The third Sunday in January, known as "King Sunday" in Atlanta after the Rev. Martin Luther King Jr., easily could've been called "Obama Sunday" this year, including in Bloomfield.

King's words again filled the pews and pulpits at black churches across the country on the eve of the federal observance of what would've been his 80th birthday. Only this time, they found new weight with Barack Obama's pending inauguration as the nation's first black president.

Many black preachers touted the moment -- the 23rd federal observance of King's birthday falls on the eve of the inauguration -- as a mark of America's progress toward a racially just society. Black worshippers sang "We Shall Overcome" and prayed to protect Obama's family and to help the country follow Obama's leadership.
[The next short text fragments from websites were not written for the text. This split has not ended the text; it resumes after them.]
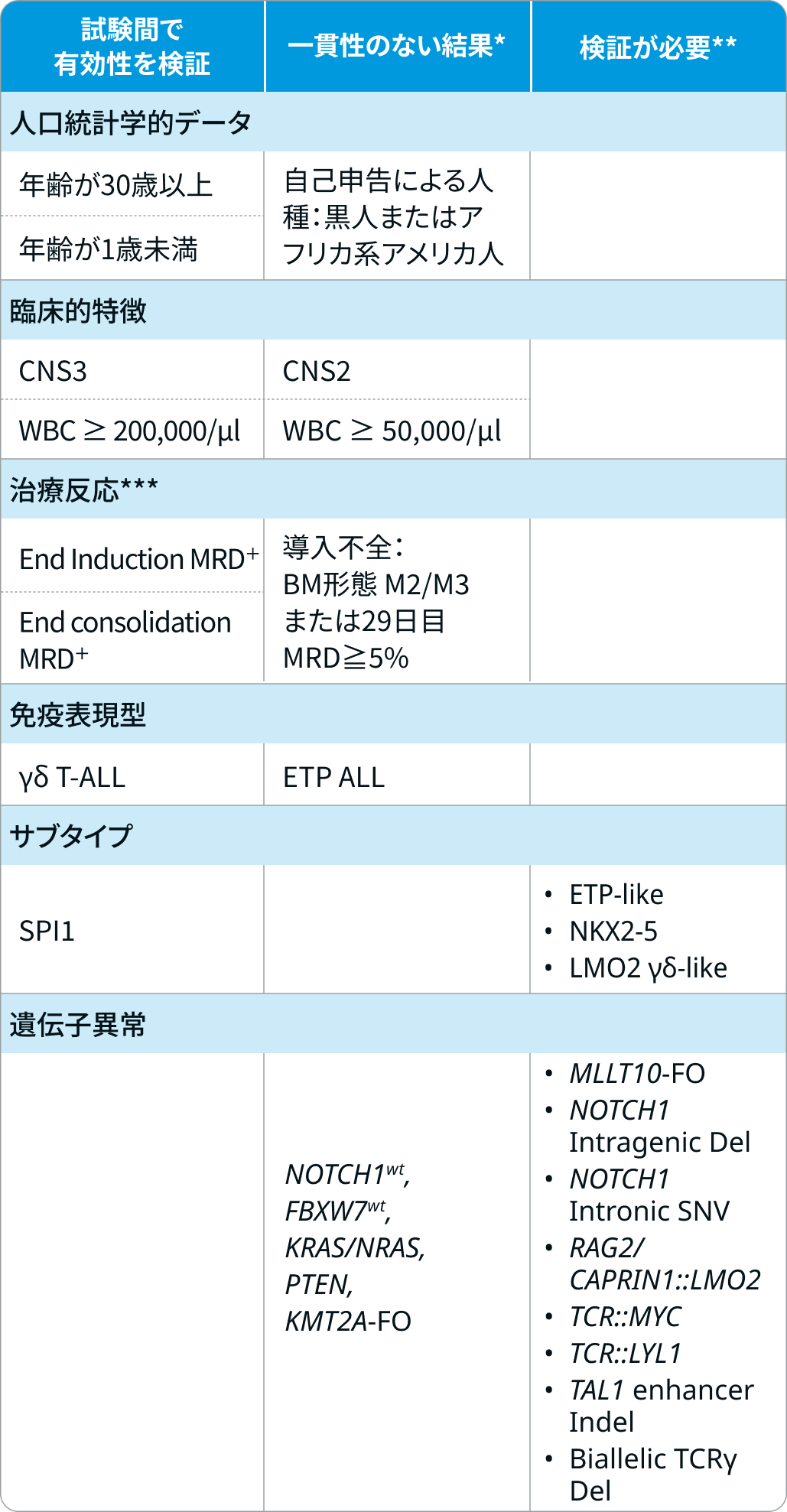 【論文解説】T細胞急性リンパ性白血病の分類とリスク層別化 (Blood. 2024より)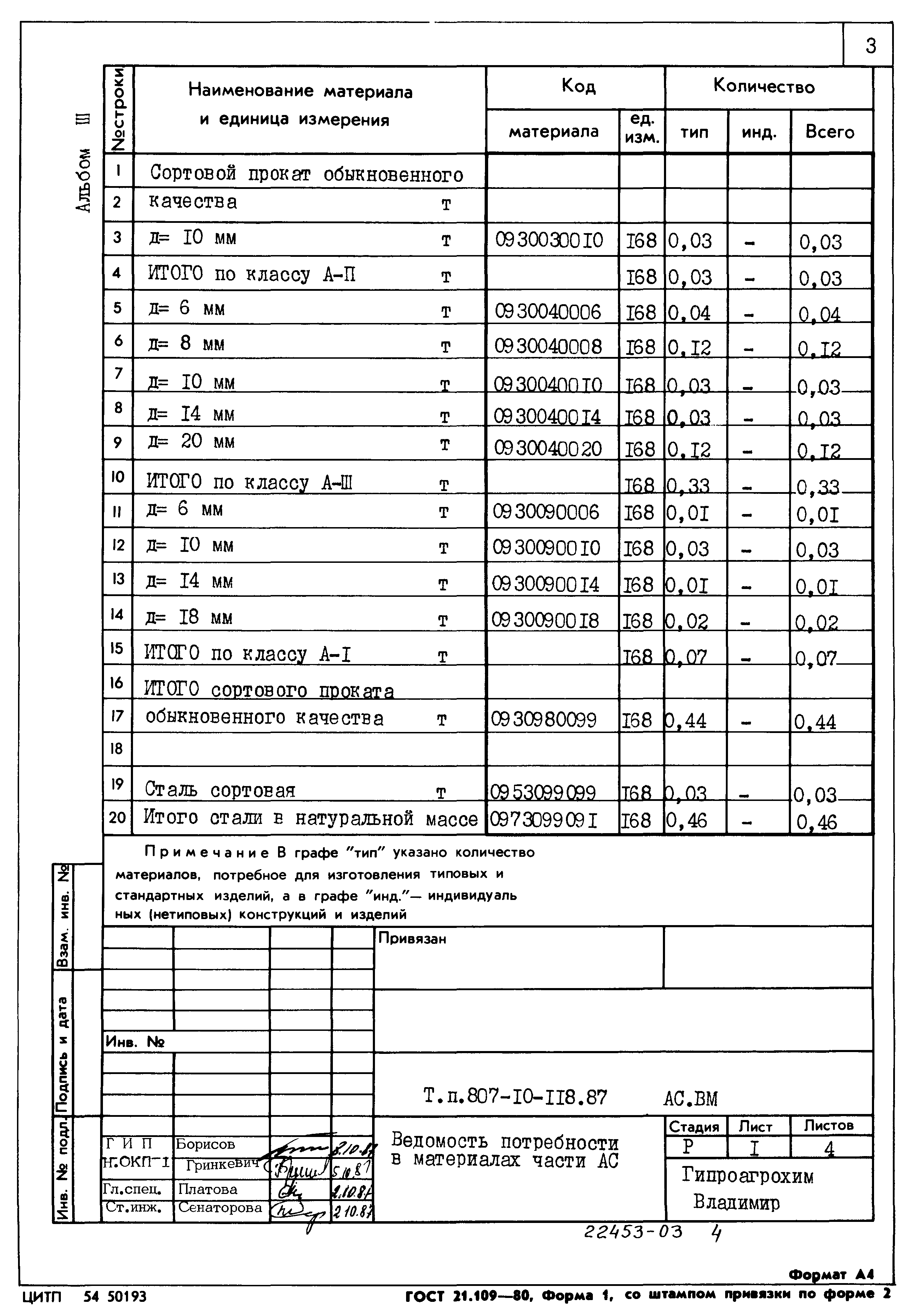 Типовой проект 807-10-118.87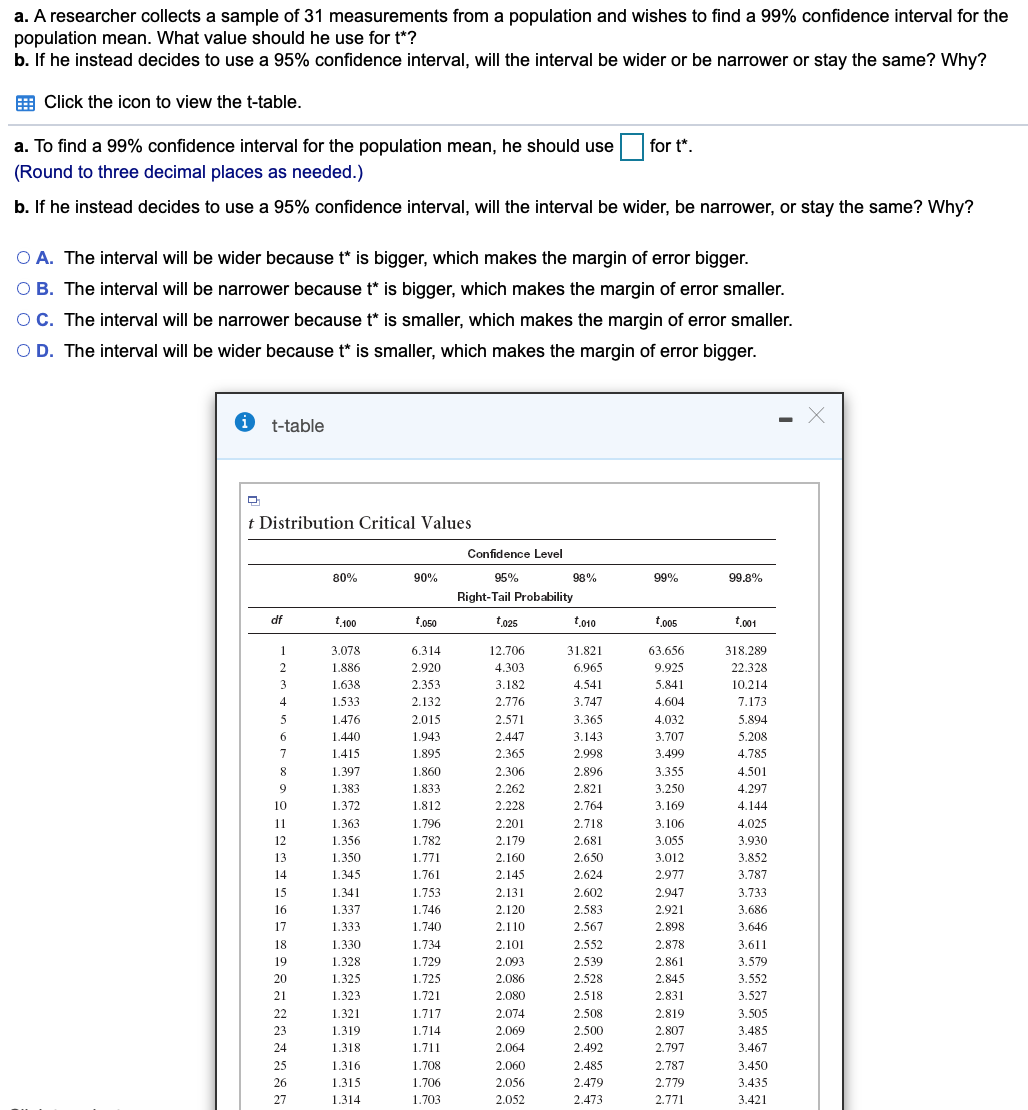 a. A researcher collects a sample of 31 measurements from a population and wishes to find a 99% confidence interval for the
population mean. What value should he use for t*?
b. If he instead decides to use a 95% confidence interval, will the interval be wider or be narrower or stay the same? Why?
E Click the icon to view the t-table.
a. To find a 99% confidence interval for the population mean, he should use
for t*.
(Round to three decimal places as needed.)
b. If he instead decides to use a 95% confidence interval, will the interval be wider, be narrower, or stay the same? Why?
O A. The interval will be wider because t* is bigger, which makes the margin of error bigger.
O B. The interval will be narrower because t* is bigger, which makes the margin of error smaller.
OC. The interval will be narrower because t* is smaller, which makes the margin of error smaller.
O D. The interval will be wider because t* is smaller, which makes the margin of error bigger.
t-table
t Distribution Critical Values
Confidence Level
80%
90%
95%
98%
99%
99.8%
Right-Tail Probability
df
t100
to50
to25
t010
t,o05
t,001
1
3.078
6.314
12.706
31.821
63.656
318.289
2
1.886
2.920
4.303
6.965
9.925
22.328
3
1.638
2.353
3.182
4.541
5.841
10.214
4
1.533
2.132
2.776
3.747
4.604
7.173
1.476
2.015
2.571
3.365
4.032
5.894
6.
1.440
1.943
2.447
3.143
3.707
5.208
1.415
1.895
2.365
2.998
3.499
4.785
8.
1.397
1.860
2.306
2.896
3.355
4.501
1.383
1.833
2.262
2.821
3.250
4.297
10
1.372
1.812
2.228
2.764
3.169
4.144
11
1.363
1.796
2.201
2.718
3.106
4.025
12
1.356
1.782
2.179
2.681
3.055
3.930
13
1.350
1.771
2.160
2.650
3.012
3.852
14
1.345
1.761
2.145
2.624
2.977
3.787
15
1.341
1.753
2.131
2.602
2.947
3.733
16
1.337
1.746
2.120
2.583
2.921
3.686
17
1.333
1.740
2.110
2.567
2.898
3.646
18
1.330
1.734
2.101
2.552
2.878
3.611
19
1.328
1.729
2.093
2.539
2.861
3.579
20
1.325
1.725
2.086
2.528
2.845
3.552
21
1.323
1.721
2.080
2.518
2.831
3.527
22
1.321
1.717
2.074
2.508
2.819
3.505
23
1.319
1.714
2.069
2.500
2.807
3.485
24
1.318
1.711
2.064
2.492
2.797
3.467
25
1.316
1.708
2.060
2.485
2.787
3.450
26
1.315
1.706
2.056
2.479
2.779
3.435
27
1.314
1.703
2.052
2.473
2.771
3.421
At Ebenezer Baptist Church, where King preached from 1960 until his death in 1968, the Rev. Raphael G. Warnock was met with applause as he praised Obama's victory and imminent swearing-in.

"Praise the Lord as we look forward to Tuesday," Warnock said. "We ought to all celebrate this morning ... that we've moved closer to who we say we are."

More than 300 people filled the pews at First Cathedral in Bloomfield, Conn., to praise King and Obama before many headed home to pack for bus trips Monday to Washington.

"Obama talked about hope -- this solidified it," the Archbishop LeRoy Bailey Jr. said at the service, in which members of the suburban Hartford congregation watched tapes of King giving speeches that included his 1963 address at the Lincoln Memorial.

"On Tuesday, Jan. 20, this nation will do the almost unthinkable," said the guest speaker, the Rev. Harold A. Carter of New Shiloh Baptist Church in Baltimore.

"A black man will lay his hand on the Bible, one of the justices will lead him in swearing that he will uphold the Constitution. ... Four hundred years ago, this was not supposed to be. We were brought here as slaves, as chattel," he said.